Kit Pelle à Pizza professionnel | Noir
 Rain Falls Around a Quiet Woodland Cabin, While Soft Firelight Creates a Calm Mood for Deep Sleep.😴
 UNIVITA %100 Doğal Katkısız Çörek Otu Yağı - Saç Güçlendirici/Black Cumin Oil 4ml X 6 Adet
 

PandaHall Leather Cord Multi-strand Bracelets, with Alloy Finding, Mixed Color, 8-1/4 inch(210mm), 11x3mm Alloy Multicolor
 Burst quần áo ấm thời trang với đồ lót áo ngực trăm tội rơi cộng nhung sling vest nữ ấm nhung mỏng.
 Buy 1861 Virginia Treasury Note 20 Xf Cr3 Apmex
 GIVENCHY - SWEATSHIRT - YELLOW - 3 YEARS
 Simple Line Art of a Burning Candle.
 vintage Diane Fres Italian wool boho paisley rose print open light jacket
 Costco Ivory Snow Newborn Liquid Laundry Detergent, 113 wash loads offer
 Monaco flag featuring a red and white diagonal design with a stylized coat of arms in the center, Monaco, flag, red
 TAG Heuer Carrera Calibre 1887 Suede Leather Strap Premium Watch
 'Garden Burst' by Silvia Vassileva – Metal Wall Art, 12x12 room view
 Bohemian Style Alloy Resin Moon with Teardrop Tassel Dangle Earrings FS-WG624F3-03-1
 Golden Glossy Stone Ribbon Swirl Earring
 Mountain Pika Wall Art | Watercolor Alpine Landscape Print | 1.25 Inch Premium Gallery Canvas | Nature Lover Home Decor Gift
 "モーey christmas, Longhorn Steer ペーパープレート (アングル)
........
Exercise directions:
Look through the records and gather each line with the word "Premium".

Answer space:
 TAG Heuer Carrera Calibre 1887 Suede Leather Strap Premium Watch
 Mountain Pika Wall Art | Watercolor Alpine Landscape Print | 1.25 Inch Premium Gallery Canvas | Nature Lover Home Decor Gift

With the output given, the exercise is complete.